İnsanları Yatıştıran Hareketler
İnsanların kendilerine en çok temas ettikleri ve gerginiklerini hafifletmek için en çok kullandıkları hareketler; çeneye yaslanmak, saçıyla oynamak, yanağa yaslanmak, şakağa yaslanmak, ellerini cebe sokmak veya kollarla kendi bedenine sarılmaktır.
İnsanın kollarını kavuşturması, en hassas noktamız olan kalbi korumanın sembolik bir ifadesidir. İlk çağdan bu yana insanların davranışları ne kadar değişmiş olsa da bugün dahi modern insanlar, kendilerine gerginlik veren bir durum yaşadıkları ve kendilerini duygusal olarak güvende hissetmedikleri zaman kollarını kavuşturma ihtiyacı hissederler. Bazen de gerginlik zamanlarında cenin pozisyonunda uzanmayı tercih ederler. Buradaki asıl beklenti, güven içinde olmaktır.
Bir topluluk içinde, insan kendini diğerlerinde uzak tutmak istediğinde veya dış dünya le ilişkilerini sınırlandırmak istediğinde ellerini cebine soktuğuna sık sık rastlanılabilir. İnsan keyifli de olsa, sıkıntılı da olsa, yalnız da olsa kalabalık içinde de olsa, ellerini cebine sokarak çevreyle ilişkilerini en alt düzeye indirir ve duygu dünyasına çekilir. Bacak bacak üstüne atmak da insana bir nevi güven duygusu verir.
Hayrete Düştüğünüzde…
İnsanlar bir konuda çok şaşkınlık yaşadıklarında veya beklenmedik bir durum olduğunda ellerini alınlarına götürme ihtiyacı hissederler. Parmak uçlarının alna temas etmesi, kaybolan veya ihtiyaç duyulan bir fikri geri çağırmak içindir. Bu jest aynı zamanda dikkati bir noktaya toplamak isteyen insanlarda da sıklıkla görülür.

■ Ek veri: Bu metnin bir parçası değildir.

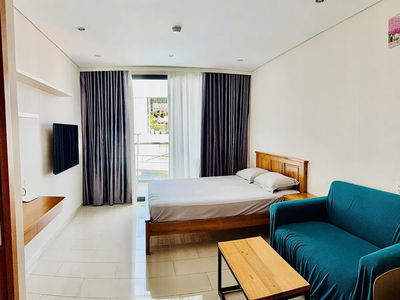 Alojamiento en Nha Be, Vietnam Alojamiento en Nha Be, Vietnam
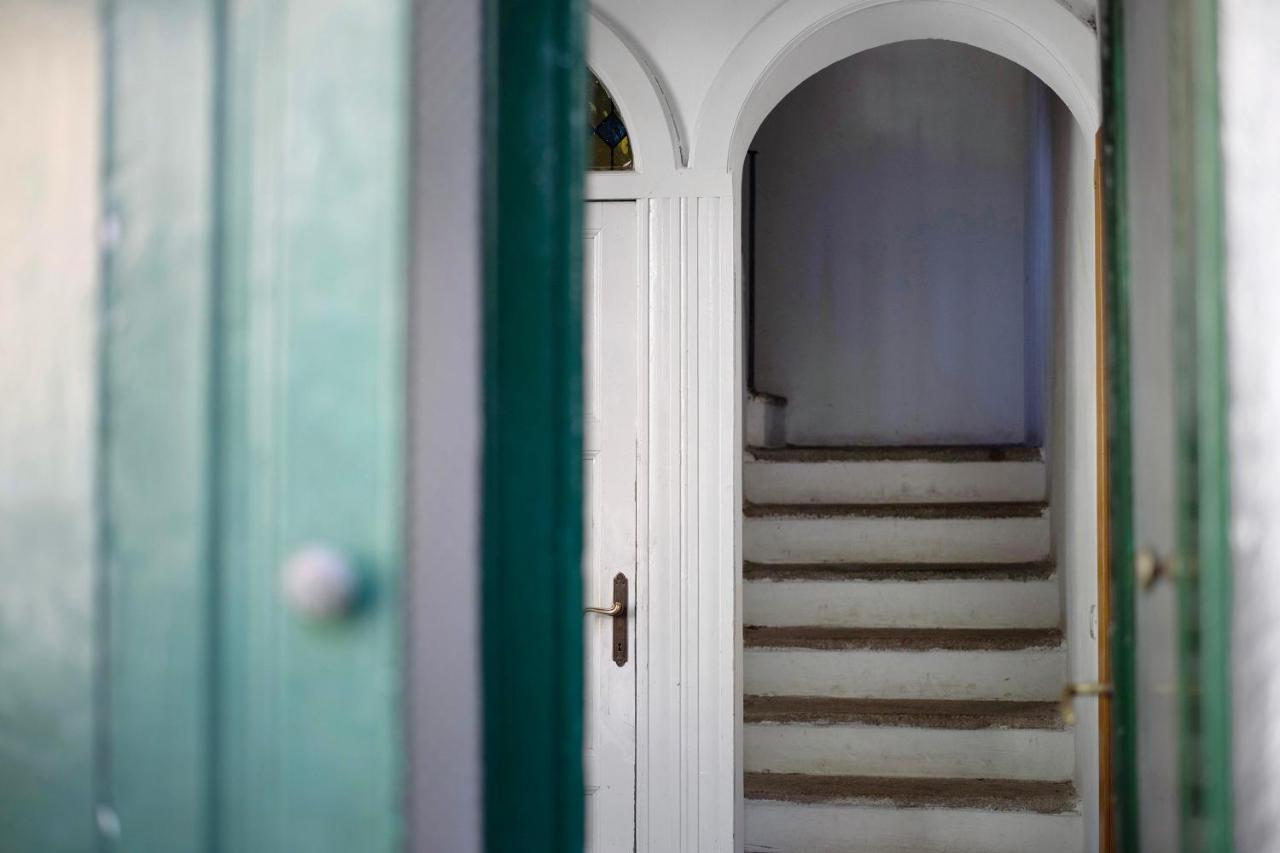 Casa Armando Apartman Laglio Kültér fotó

El ile ağzı örtmek de kişinin başka bir hayret ifadesidir. Kişi şaşkınlık yaşadığı sırada kendisini zor durumda bırakacak olan tepkisini böylece durdurmak ister.
Dil Yalan Söyler; Beden Yalanı Ortaya Döker…
Yalan söyleme esnasında kişilerin ortaya koyduğu davranışlar pek çok araştırmanın konusu olmuştur. Elbette sadece kişinin beden diline bakarak yalan söyleyip söylemediğinden emin olmak her zaman mümkün değildir. Ancak en azından fikir verebilir;
- – Yalan söyleyen kişilerin elleriyle yaptıkları jestler ya çok azalmakta ya da çok artmaktadır. Kişi o sırada ellerini nasıl kullandığının bilincinde değildir. Kişi, ellerinin kendisini ele vereceğinden korkar ve onları saklamaya çalışır.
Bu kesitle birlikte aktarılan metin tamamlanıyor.